▶ Assignment: Return the records below from the line containing "Chris Palmer – ScrapeBox Training Download" onward, exactly, through and including the last line.

Data items
......
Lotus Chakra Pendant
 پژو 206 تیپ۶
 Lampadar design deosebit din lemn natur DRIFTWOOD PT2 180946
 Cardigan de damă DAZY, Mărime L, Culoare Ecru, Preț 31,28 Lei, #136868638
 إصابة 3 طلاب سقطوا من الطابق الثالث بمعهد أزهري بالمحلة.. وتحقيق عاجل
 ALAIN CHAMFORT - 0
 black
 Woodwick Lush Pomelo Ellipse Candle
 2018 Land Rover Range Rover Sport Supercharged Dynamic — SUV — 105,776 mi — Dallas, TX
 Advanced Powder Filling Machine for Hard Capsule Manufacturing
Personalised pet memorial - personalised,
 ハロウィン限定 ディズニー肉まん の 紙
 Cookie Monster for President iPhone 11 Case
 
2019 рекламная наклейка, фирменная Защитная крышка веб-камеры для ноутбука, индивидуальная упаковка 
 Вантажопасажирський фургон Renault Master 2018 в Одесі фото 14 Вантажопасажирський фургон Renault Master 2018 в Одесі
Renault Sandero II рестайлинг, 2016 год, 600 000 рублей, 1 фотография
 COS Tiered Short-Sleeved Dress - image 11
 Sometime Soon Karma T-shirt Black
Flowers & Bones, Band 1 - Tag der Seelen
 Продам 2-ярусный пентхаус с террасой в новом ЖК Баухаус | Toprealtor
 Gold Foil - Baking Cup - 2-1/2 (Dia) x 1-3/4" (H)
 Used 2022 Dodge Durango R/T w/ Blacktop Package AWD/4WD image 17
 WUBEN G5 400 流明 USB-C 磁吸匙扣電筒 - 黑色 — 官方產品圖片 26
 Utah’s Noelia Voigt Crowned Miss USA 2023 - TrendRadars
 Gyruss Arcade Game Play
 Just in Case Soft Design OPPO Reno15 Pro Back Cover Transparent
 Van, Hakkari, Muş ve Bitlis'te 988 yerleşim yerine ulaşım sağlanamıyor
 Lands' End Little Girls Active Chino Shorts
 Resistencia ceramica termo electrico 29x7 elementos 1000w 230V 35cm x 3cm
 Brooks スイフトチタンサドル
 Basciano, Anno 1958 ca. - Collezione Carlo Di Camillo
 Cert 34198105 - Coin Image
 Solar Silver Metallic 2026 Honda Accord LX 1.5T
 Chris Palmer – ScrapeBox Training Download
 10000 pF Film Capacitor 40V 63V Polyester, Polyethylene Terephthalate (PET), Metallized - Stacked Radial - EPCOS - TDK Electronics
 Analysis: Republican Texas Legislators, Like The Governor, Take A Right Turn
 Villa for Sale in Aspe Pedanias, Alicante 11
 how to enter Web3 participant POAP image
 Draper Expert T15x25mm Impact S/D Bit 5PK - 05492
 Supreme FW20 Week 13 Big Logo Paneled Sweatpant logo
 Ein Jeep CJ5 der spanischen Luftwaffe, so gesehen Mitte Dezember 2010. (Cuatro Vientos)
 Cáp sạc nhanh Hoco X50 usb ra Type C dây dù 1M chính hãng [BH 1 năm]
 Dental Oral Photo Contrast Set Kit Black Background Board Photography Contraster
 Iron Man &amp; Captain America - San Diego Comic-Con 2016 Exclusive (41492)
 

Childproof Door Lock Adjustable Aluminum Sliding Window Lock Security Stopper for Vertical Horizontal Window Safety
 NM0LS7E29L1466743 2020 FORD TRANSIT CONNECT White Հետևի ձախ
......
▶ The completed task:
 Chris Palmer – ScrapeBox Training Download
 10000 pF Film Capacitor 40V 63V Polyester, Polyethylene Terephthalate (PET), Metallized - Stacked Radial - EPCOS - TDK Electronics
 Analysis: Republican Texas Legislators, Like The Governor, Take A Right Turn
 Villa for Sale in Aspe Pedanias, Alicante 11
 how to enter Web3 participant POAP image
 Draper Expert T15x25mm Impact S/D Bit 5PK - 05492
 Supreme FW20 Week 13 Big Logo Paneled Sweatpant logo
 Ein Jeep CJ5 der spanischen Luftwaffe, so gesehen Mitte Dezember 2010. (Cuatro Vientos)
 Cáp sạc nhanh Hoco X50 usb ra Type C dây dù 1M chính hãng [BH 1 năm]
 Dental Oral Photo Contrast Set Kit Black Background Board Photography Contraster
 Iron Man &amp; Captain America - San Diego Comic-Con 2016 Exclusive (41492)
 

Childproof Door Lock Adjustable Aluminum Sliding Window Lock Security Stopper for Vertical Horizontal Window Safety
 NM0LS7E29L1466743 2020 FORD TRANSIT CONNECT White Հետևի ձախ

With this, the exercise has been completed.